Dr. Ellis E. Toney Jr., 81, the first black psychiatrist trained by the Los Angeles Psychoanalytic Society and Institute. Born in Sanford, N.C., Toney graduated from Talladega College in Alabama and earned his medical degree at Howard University. After interning at Harlem Hospital, he served as an Army surgeon in Europe during World War II. After the war, Toney took psychiatric training at the Veterans Administration Hospital in West Los Angeles and in 1947 added psychoanalytic training at the institute. After completing that training in 1954, Toney joined the Los Angeles Psychoanalytic Society. He was also a diplomate of the American Board of Psychiatry and Neurology and practiced psychiatry for many years in Beverly Hills.

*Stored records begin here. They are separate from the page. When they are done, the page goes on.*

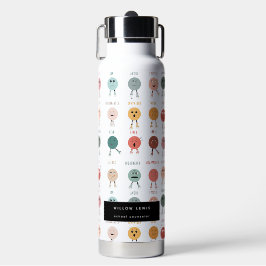 Gezichten van Gevoelens en Emoties Grafiek Schoolb Waterfles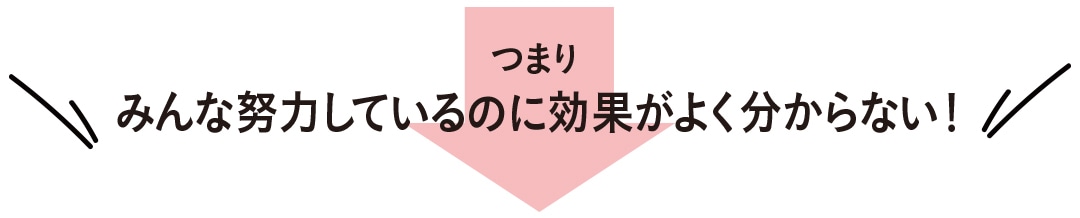 みんな努力してるのに効果がよく分からない！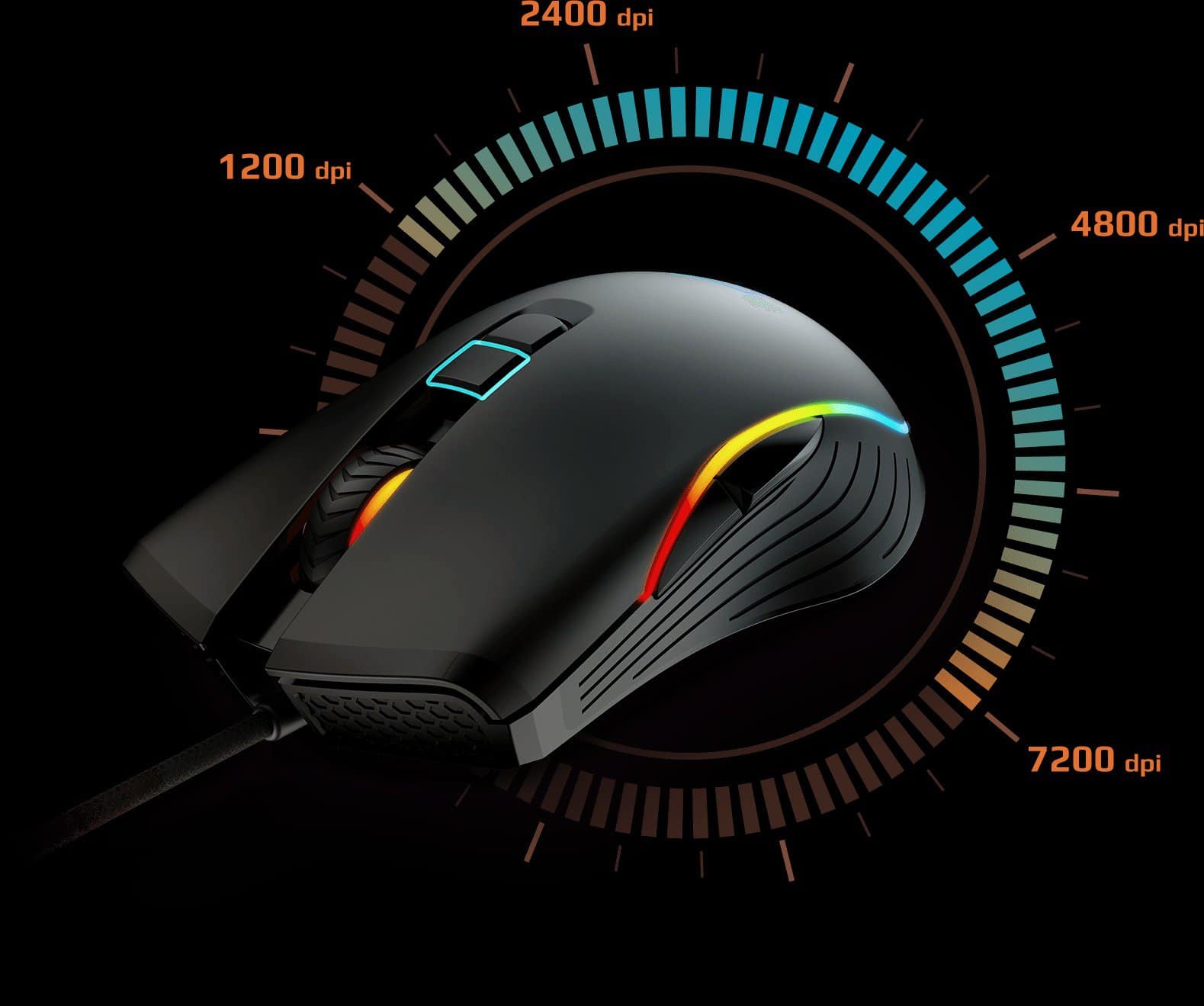 MSI Forge GM300 Muis H4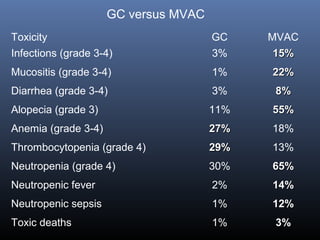 GC versus MVAC
Toxicity GC MVAC
Infections (grade 3-4) 3% 15%15%
Mucositis (grade 3-4) 1% 22%22%
Diarrhea (grade 3-4) 3% 8%8%
Alopecia (grade 3) 11% 55%55%
Anemia (grade 3-4) 27%27% 18%
Thrombocytopenia (grade 4) 29%29% 13%
Neutropenia (grade 4) 30% 65%65%
Neutropenic fever 2% 14%14%
Neutropenic sepsis 1% 12%12%
Toxic deaths 1% 3%3%
 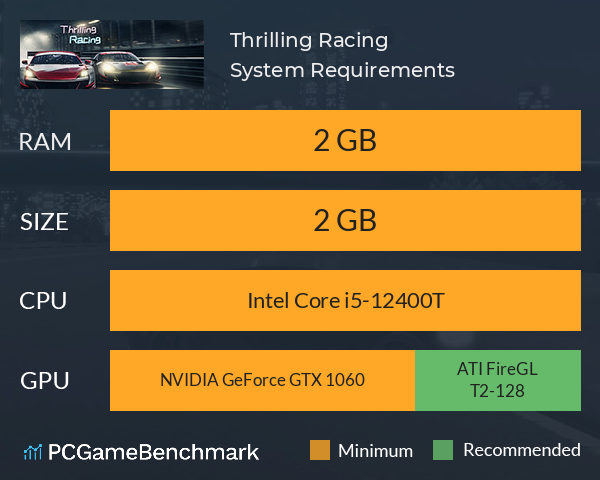 Thrilling Racing System Requirements PC Graph - Can I Run Thrilling Racing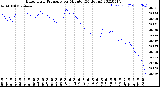 Milwaukee Weather Barometric Pressure<br>per Minute<br>(24 Hours)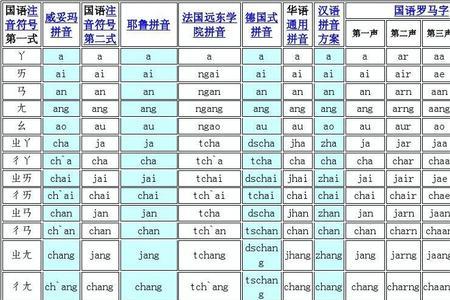 gueⅰ第四声的字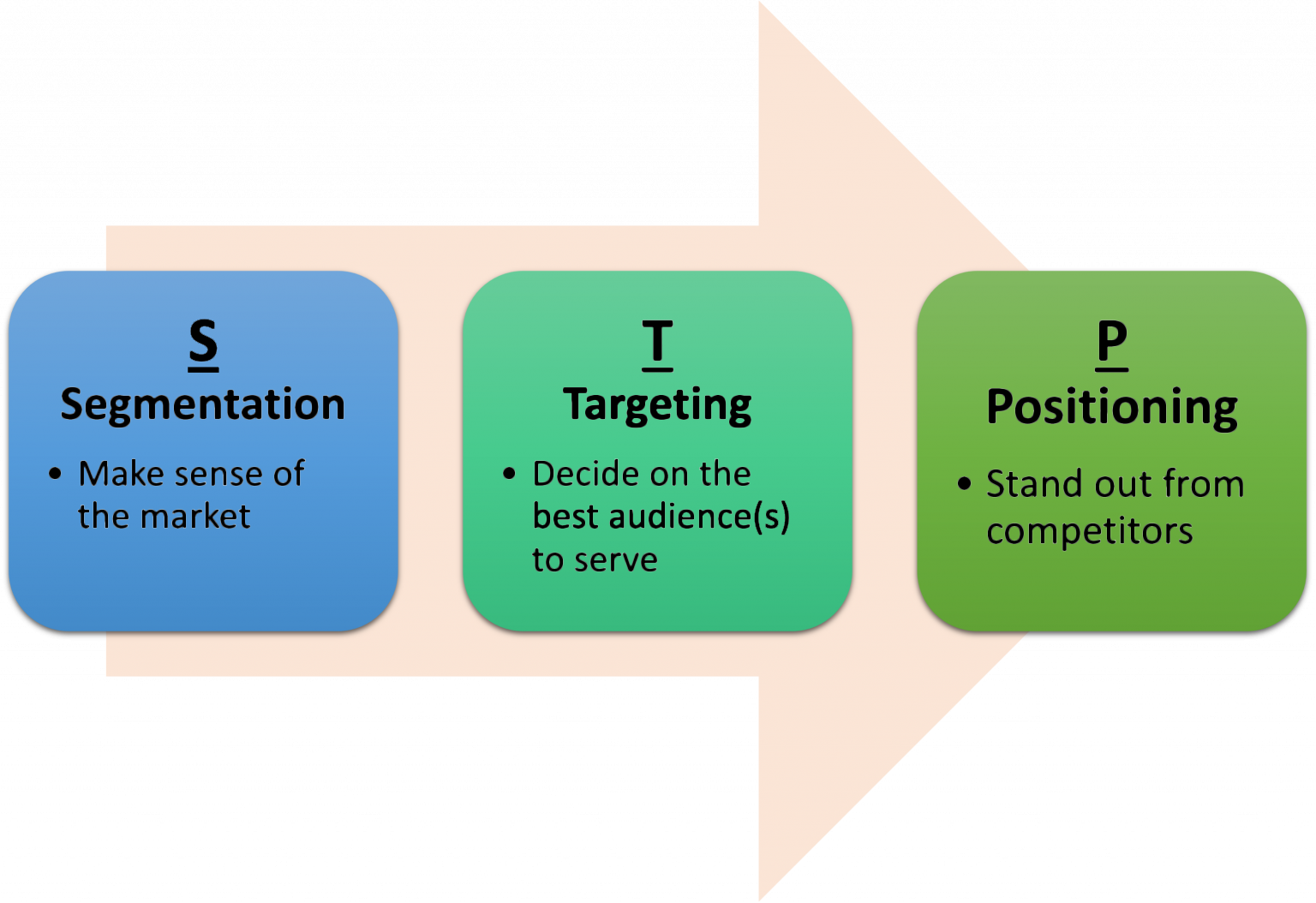Digital Marketing: Target Audience, STP & Brand Storytelling ude759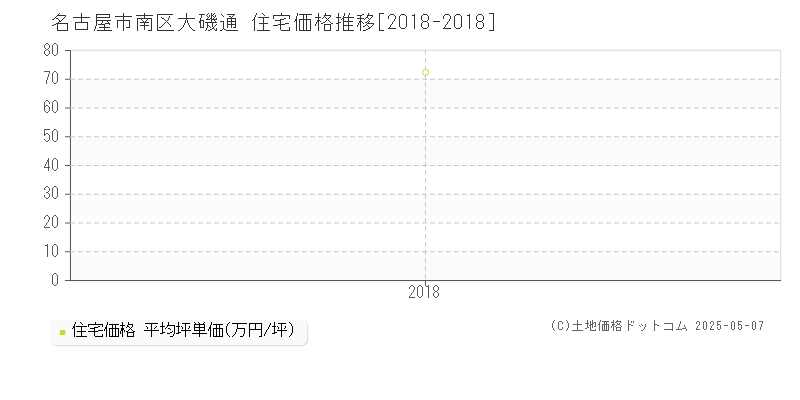 大磯通(名古屋市南区)の住宅価格推移グラフ(坪単価)[2018-2018年]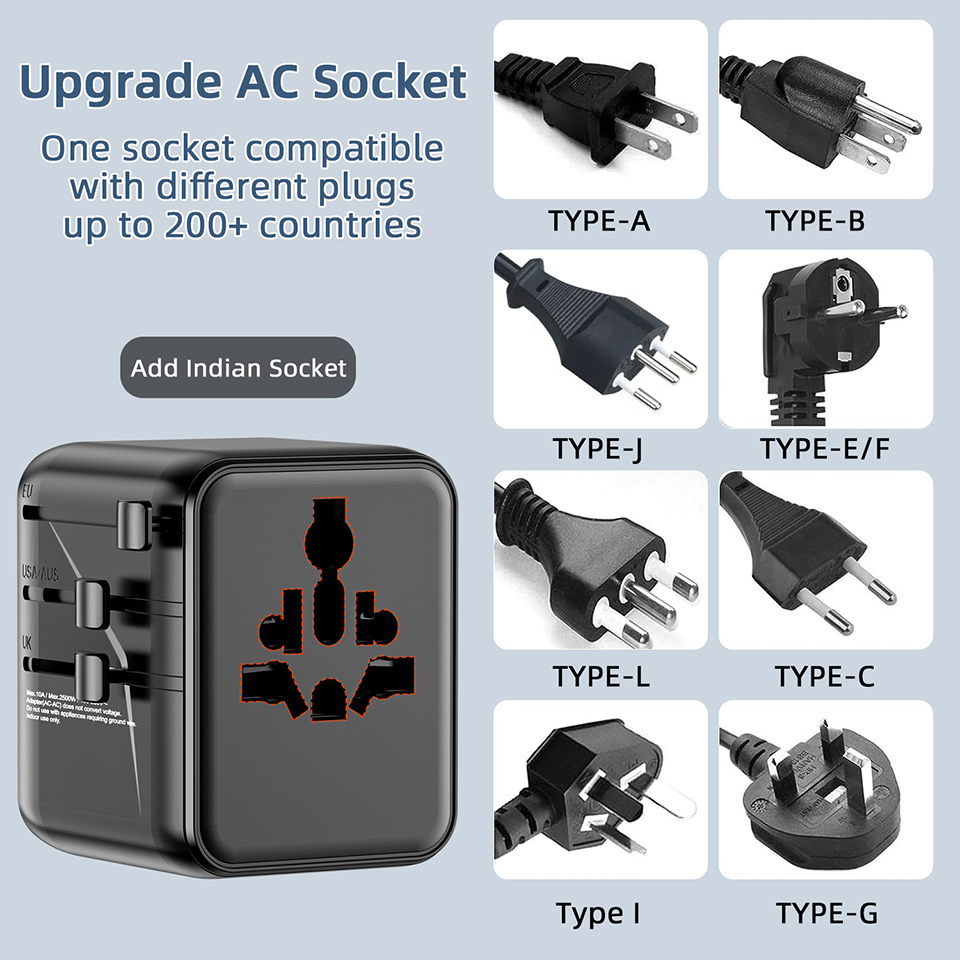 Speedx Sp-tcw02 Travel Adapter 25w Pd 2c+1a+2ac Fast Charging (new) - 3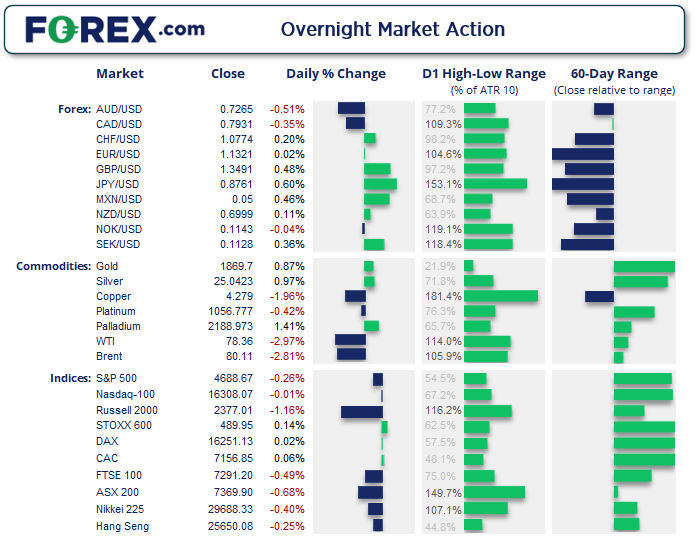 The pound and yen were the strongest majors yesterday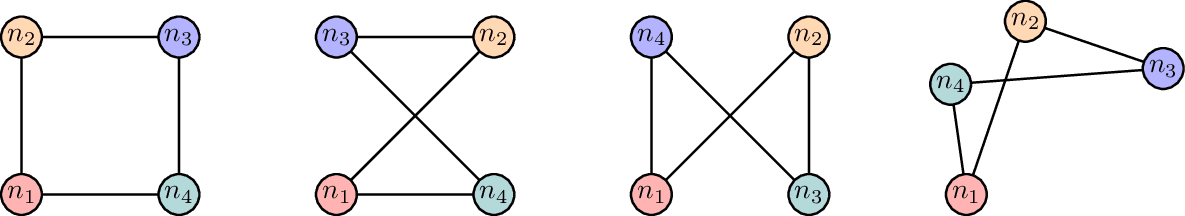 graph-isomorphism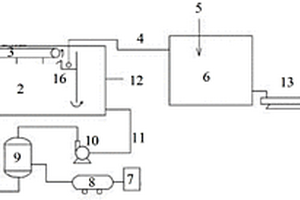 燃煤電廠三廢綜合治理系統(tǒng)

He remained on the staff of the Veterans Administration Hospital Mental Hygiene Clinic from 1949 until his retirement in 1975. Toney also taught at UCLA Medical School, specializing in treatment of alcoholism and drug addiction, and taught psychiatric residents working at Martin Luther King Jr. Hospital/Drew Medical Center. He was a consultant to Catholic Big Brothers and to several clinics serving the poor, and helped found the Central City Community Mental Health Center. Among Toney’s extensive writings were “Transference and Counter-Transference in Interracial Psychotherapy” and “The Assessment and Treatment of Afro-American Families.” On Sept. 17 in Los Angeles of respiratory failure after a stroke.

John Vanderhoff; Former NASA Chief Scientist

John W. Vanderhoff, 74, scientist who helped create the first product manufactured in space. As former chief scientist of the National Aeronautics and Space Administration, Vanderhoff helped develop a chemical process that made tiny plastic spheres, each measuring about 1/2,500th of an inch. Nearly a billion of the mini-spheres were produced aboard the Challenger space shuttle in 1985. The spheres were sold to eight companies, one university and the Food and Drug Administration to be used as microscopic yardsticks. Vanderhoff had helped create the chemical process during his long tenure at Lehigh University. On Sept. 16 in Bethlehem, Pa.